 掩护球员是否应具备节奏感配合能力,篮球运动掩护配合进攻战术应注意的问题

==

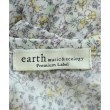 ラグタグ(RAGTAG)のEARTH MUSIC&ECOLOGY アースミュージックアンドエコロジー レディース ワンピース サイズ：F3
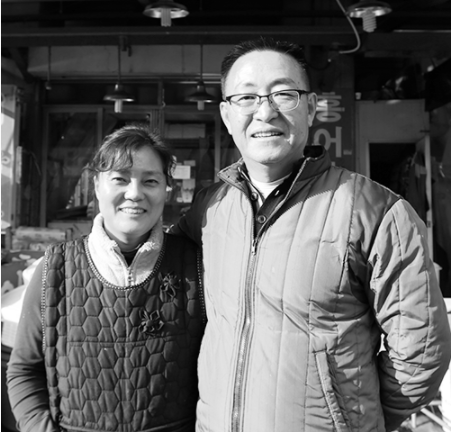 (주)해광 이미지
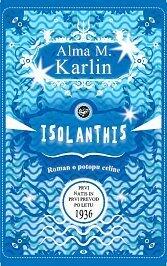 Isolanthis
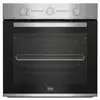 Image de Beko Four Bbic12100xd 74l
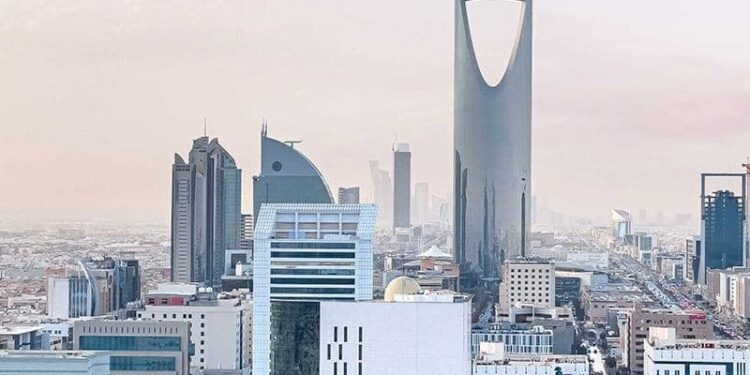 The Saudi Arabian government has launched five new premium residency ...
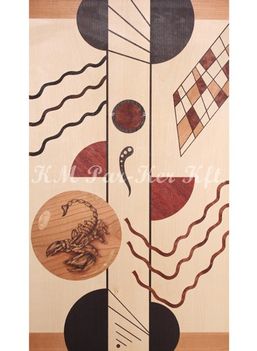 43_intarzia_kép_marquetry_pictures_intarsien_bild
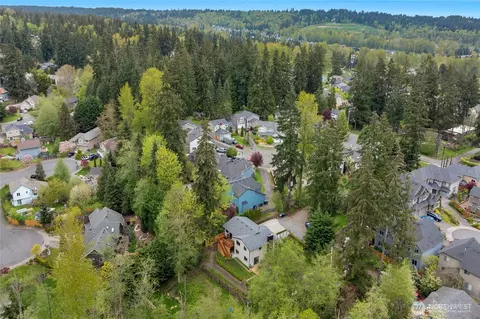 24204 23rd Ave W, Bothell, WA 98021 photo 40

▶ [Your objective]:
Repeat only the stretch of data above that runs from the line with "The Saudi Arabian" to the line with "24204 23rd Ave W, Bothell, WA 98021 photo 40". Keep both end lines; exclude pictures.

▶ [Solved problem]:
 The Saudi Arabian government has launched five new premium residency ...
 43_intarzia_kép_marquetry_pictures_intarsien_bild
 24204 23rd Ave W, Bothell, WA 98021 photo 40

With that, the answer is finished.